Bush Defends Eavesdropping Program
President Bush today offered his most elaborate defense yet of his administration's domestic eavesdropping program, saying he was legally and constitutionally authorized to implement it and obligated to do so in order to protect the country from a new kind of enemy.Some if not many in Congress disagree.
In a wide-ranging news conference this morning, Bush said his authority to have the National Security Agency eavesdrop without judicial involvement derived from his inherent constitutional powers as commander in chief as well as from the authorization for the use of military force approved by Congress in the wake of the attacks of Sept. 11, 2001. "Congress gave me authority," he said.
"Where does he find in the Constitution the authority to tap the wires and the phones of American citizens without any court oversight?" demanded Sen. Carl Levin (D-Mich.), a member of the Senate Intelligence Committee.
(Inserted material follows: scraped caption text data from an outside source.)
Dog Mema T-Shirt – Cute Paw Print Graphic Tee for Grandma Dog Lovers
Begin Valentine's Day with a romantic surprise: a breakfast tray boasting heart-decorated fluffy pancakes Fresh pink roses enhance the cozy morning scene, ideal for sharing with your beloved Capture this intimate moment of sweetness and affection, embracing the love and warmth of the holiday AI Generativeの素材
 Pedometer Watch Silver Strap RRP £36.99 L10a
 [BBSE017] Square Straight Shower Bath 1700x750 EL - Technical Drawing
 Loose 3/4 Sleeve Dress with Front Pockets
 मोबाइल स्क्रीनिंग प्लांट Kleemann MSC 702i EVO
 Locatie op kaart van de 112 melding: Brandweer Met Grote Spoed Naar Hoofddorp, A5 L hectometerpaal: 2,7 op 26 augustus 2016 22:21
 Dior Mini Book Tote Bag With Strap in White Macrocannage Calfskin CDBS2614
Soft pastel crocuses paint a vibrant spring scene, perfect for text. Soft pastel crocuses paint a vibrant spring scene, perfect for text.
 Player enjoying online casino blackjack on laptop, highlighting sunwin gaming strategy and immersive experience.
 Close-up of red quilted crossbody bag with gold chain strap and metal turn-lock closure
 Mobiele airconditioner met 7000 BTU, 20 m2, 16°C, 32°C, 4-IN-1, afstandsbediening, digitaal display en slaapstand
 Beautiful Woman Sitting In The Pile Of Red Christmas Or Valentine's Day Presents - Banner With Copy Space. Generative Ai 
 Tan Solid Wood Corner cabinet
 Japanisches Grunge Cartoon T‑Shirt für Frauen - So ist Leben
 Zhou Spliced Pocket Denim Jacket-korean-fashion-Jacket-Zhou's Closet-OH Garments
He also disputed Bush's statement in the news conference that checks on his executive power -- such as his authority to order the secret surveillance -- came from his oath of office and congressional oversight.See a related post on Echelon below.
"That's not a check on the executive branch, notifying some members of Congress -- if he did -- that he's taken the law into his own hands," Levin said. "That is not a check on the executive branch, nor is the fact that he gets opinions from six lawyers in the executive branch, all under his control, that he can do this."
Levin noted that FISA allows for retroactively seeking the court's permission for wiretaps in the event of an emergency. "And so he can't just simply use the necessity to move quickly as an excuse to bypass the law," he said.
"The president does not have a leg to stand on legally with regard to this program," said Sen. Russell D. Feingold (D-Wis.). He added, "I think it's one of the weakest legal arguments I've heard that this [Afghanistan] war resolution somehow undid the basic laws of wiretapping in the United States."